Large numbers of Americans would feel uncomfortable with a doctor, barber or teacher living with HIV, new research into HIV stigma and misinformation has revealed.
GLAAD conducted its survey – which was funded by Gilead Sciences – between 14 and 29 January, with 2,517 adults across the US questioned on their views about HIV.
Just 48 per cent of respondents said they felt knowledgeable about HIV, a decline from the previous year’s study. Many of those who took part in the survey displayed discriminatory ideas about HIV that are based on outdated, harmful ideas about the virus.
Notably, 53 per cent of non-LGBT+ respondents said they would be uncomfortable interacting with a medical professional who is living with HIV. Forty-three per cent said they would be uncomfortable going to a hair stylist or barber who had the virus, while 35 per cent would be uncomfortable with a teacher who is living with HIV.

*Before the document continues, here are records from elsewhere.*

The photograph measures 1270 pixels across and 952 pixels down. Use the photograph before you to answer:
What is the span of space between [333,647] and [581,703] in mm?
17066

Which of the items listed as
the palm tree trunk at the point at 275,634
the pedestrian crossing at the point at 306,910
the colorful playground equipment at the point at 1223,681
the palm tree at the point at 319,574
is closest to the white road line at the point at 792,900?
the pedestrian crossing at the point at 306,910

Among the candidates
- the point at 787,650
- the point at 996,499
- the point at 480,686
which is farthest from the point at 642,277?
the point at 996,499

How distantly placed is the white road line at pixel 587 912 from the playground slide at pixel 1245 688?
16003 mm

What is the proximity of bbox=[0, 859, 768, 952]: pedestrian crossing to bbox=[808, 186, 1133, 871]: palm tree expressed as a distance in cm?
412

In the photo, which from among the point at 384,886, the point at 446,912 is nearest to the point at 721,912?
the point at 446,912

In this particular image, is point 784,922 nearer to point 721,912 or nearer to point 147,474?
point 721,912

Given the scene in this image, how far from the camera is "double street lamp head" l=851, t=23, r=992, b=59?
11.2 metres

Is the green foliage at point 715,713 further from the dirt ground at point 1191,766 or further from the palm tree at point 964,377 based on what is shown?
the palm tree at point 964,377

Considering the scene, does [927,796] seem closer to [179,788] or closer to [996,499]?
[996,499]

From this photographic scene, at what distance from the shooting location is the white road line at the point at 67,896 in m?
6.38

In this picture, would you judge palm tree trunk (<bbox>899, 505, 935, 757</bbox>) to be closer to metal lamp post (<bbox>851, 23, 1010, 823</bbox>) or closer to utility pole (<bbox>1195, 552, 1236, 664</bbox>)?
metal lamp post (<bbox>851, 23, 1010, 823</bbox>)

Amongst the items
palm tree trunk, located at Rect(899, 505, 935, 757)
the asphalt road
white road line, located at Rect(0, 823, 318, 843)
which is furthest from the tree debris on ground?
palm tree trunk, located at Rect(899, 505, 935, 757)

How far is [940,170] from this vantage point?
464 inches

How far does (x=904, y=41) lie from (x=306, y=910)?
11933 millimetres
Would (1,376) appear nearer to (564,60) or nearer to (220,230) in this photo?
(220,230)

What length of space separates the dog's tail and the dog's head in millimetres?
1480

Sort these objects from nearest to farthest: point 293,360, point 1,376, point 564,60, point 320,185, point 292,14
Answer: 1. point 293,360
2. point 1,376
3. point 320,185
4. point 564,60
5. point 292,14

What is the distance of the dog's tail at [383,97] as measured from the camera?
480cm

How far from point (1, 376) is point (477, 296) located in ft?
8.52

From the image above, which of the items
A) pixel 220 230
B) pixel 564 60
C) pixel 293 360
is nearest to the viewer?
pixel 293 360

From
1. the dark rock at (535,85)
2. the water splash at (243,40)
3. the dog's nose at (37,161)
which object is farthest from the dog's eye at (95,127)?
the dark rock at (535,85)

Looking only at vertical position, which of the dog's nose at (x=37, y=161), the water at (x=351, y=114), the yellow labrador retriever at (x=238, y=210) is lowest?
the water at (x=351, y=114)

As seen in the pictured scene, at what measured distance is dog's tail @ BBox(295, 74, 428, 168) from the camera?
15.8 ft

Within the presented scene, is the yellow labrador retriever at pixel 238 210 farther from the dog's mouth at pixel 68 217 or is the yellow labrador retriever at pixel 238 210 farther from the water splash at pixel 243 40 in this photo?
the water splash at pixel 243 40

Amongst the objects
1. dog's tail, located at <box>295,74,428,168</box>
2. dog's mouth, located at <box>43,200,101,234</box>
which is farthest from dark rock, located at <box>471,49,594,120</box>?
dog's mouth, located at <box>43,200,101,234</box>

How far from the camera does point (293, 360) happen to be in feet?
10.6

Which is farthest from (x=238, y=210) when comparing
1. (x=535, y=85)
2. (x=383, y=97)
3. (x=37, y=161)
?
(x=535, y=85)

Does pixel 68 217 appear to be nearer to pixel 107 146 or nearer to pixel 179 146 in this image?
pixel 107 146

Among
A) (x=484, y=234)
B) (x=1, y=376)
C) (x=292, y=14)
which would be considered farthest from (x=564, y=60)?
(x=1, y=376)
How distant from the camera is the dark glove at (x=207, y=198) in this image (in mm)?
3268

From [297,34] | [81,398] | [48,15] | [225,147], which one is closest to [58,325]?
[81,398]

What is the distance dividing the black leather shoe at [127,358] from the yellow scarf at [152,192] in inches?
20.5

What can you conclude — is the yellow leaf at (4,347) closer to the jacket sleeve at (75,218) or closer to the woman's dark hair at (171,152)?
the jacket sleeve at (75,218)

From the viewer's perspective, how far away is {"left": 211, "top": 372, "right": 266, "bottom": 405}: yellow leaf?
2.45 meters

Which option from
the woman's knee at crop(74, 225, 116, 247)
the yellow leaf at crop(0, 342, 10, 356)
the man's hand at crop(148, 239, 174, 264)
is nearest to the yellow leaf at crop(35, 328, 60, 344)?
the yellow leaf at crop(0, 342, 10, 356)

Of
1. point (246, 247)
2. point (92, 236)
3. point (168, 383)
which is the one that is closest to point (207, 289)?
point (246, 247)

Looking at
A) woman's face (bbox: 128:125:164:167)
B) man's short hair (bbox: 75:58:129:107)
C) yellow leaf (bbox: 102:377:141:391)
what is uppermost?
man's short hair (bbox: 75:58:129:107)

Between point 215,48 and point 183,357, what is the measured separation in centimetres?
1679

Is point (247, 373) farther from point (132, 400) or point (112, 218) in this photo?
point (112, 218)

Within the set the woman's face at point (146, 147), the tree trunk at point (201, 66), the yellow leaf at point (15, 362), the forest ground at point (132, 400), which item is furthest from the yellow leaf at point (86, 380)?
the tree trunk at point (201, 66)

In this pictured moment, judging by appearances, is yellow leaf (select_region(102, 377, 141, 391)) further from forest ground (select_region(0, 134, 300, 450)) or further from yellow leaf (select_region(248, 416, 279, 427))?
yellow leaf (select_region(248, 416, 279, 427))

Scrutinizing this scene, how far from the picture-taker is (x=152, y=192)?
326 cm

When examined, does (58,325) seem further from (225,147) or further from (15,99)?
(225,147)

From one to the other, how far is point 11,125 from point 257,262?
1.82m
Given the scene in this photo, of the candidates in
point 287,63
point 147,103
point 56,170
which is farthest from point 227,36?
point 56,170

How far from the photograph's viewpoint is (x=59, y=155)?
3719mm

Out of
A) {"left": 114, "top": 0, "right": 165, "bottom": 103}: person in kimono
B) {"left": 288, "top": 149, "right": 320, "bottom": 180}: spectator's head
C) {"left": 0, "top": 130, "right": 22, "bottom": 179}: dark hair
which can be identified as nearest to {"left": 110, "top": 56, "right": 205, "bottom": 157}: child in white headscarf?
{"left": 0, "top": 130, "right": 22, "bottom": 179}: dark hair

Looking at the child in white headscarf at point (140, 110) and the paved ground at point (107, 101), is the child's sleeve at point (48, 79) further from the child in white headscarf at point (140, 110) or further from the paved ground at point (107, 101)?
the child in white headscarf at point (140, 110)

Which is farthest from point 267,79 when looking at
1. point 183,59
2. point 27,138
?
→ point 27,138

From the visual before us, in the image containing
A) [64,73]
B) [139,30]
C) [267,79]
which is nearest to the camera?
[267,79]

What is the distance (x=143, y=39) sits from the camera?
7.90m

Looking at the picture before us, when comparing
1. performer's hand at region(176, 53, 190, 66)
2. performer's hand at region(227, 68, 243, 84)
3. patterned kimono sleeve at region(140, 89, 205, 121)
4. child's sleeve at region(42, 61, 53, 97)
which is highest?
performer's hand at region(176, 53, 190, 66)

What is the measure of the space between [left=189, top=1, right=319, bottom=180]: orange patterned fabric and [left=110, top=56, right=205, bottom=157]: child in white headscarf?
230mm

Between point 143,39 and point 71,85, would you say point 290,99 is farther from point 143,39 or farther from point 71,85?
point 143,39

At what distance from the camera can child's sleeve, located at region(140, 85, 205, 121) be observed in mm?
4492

The survey found that those living in the midwest and southern states were most likely to feel uncomfortable being around people living with HIV.
The stigma around HIV in the south translates directly into poorer outcomes for those living with the virus. The region has the highest rate of HIV diagnosis in the United States, and it also has the highest HIV-related death rate in the country.
People have ‘significant discomfort and unfounded fear’ about HIV
In the foreword to the study, Dafina Ward – executive director of the Southern AIDS Coalition – opened up about the painful moment her childhood friend, who had HIV, died aged 40 following a battle with cancer.
“I often wonder how she might have engaged in care differently if she hadn’t felt the need to hide her HIV status,” Ward wrote, adding that her friend didn’t access certain services because she feared being “found out”.
Ward said GLAAD’s new study “paints the picture of the challenges we must overcome to end HIV-related stigma”.
“The findings reflect a vast lack of understanding of HIV and how it can be prevented, a well as significant discomfort and unfounded fear about people living with HIV,” she wrote.
Those unfounded fears are exacerbated by a lack of awareness about the treatments available to those living with HIV – and the medications that can prevent transmission of the virus.
Antiretroviral medication enables those living with HIV to live long, healthy and happy lives. When taken regularly, the treatment also reduces a person’s viral load to an undetectable level, meaning they cannot pass HIV on through sex.
Meanwhile, pre-exposure prophylaxis (PrEP) – when taken regularly – is highly effective at preventing a person from contracting HIV through sex.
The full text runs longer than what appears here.